• _THE RECORDS_
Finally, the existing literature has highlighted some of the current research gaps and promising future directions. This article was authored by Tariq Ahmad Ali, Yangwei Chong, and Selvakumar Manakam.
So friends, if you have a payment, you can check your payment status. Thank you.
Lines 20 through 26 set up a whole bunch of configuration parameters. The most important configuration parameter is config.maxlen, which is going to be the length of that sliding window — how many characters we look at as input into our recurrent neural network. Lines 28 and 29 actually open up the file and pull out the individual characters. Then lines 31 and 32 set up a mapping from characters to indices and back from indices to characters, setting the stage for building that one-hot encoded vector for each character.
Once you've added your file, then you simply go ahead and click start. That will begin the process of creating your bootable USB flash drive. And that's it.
--
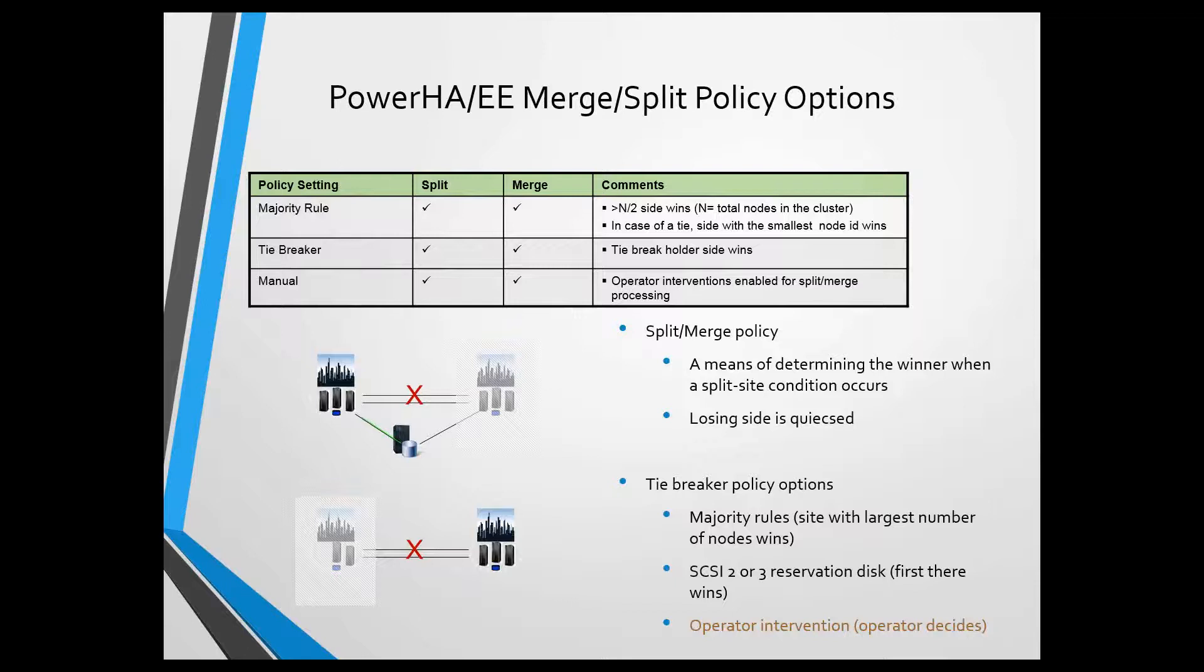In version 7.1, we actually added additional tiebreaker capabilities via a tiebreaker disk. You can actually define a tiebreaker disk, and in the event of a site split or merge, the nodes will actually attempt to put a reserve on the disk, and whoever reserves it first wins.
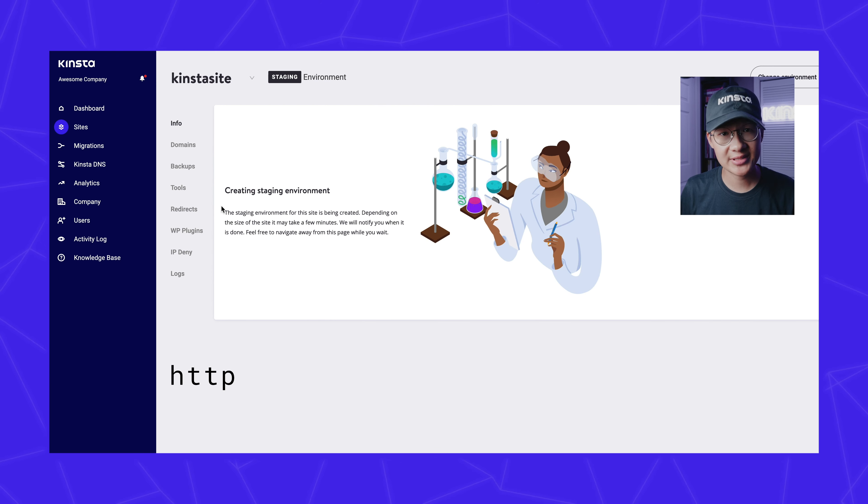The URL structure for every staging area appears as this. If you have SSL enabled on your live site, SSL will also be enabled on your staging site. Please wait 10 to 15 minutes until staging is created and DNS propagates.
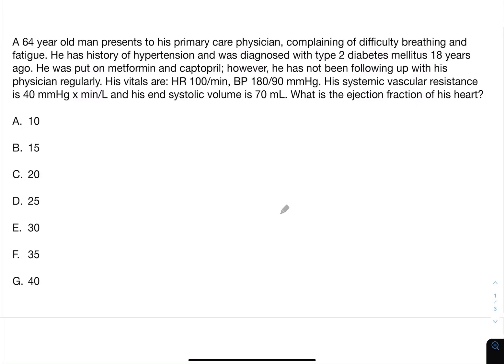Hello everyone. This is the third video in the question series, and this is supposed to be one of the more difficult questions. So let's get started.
* * *
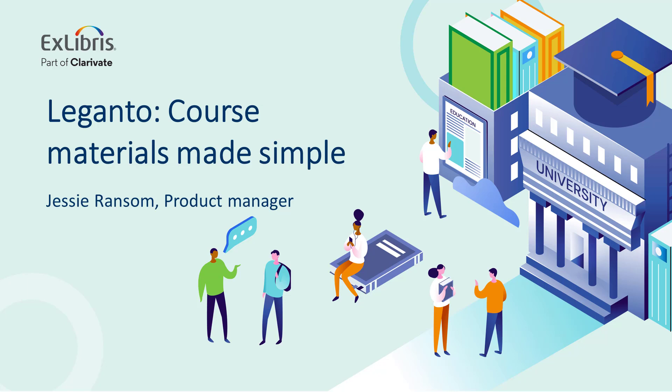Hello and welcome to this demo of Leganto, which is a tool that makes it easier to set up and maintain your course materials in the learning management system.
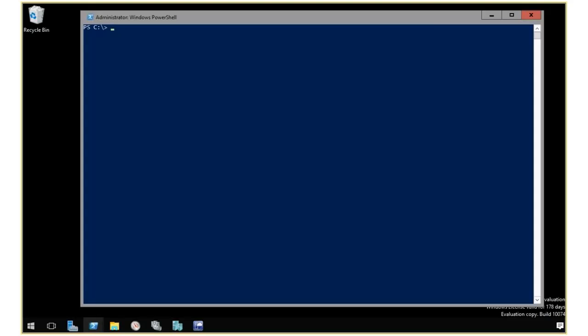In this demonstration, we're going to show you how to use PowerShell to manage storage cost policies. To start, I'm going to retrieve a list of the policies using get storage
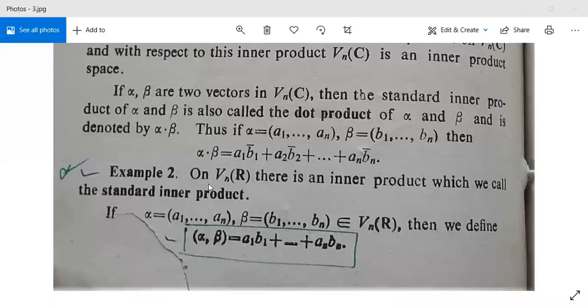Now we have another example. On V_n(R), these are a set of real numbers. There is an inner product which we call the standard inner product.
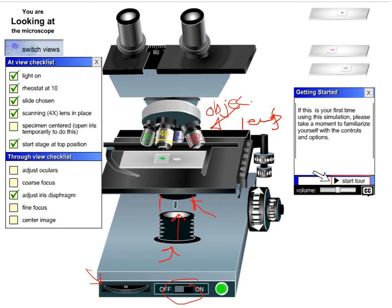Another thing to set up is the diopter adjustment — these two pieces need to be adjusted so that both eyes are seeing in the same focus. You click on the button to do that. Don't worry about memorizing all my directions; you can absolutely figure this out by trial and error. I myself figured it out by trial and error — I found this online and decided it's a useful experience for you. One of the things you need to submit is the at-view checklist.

• _EXERCISE AIM_
Among the entries above, find the line with "Now we have" and repeat exactly from there through the line with "Another thing to", leaving out the pictures.

• _WRITTEN SOLUTION_
Now we have another example. On V_n(R), these are a set of real numbers. There is an inner product which we call the standard inner product.
Another thing to set up is the diopter adjustment — these two pieces need to be adjusted so that both eyes are seeing in the same focus. You click on the button to do that. Don't worry about memorizing all my directions; you can absolutely figure this out by trial and error. I myself figured it out by trial and error — I found this online and decided it's a useful experience for you. One of the things you need to submit is the at-view checklist.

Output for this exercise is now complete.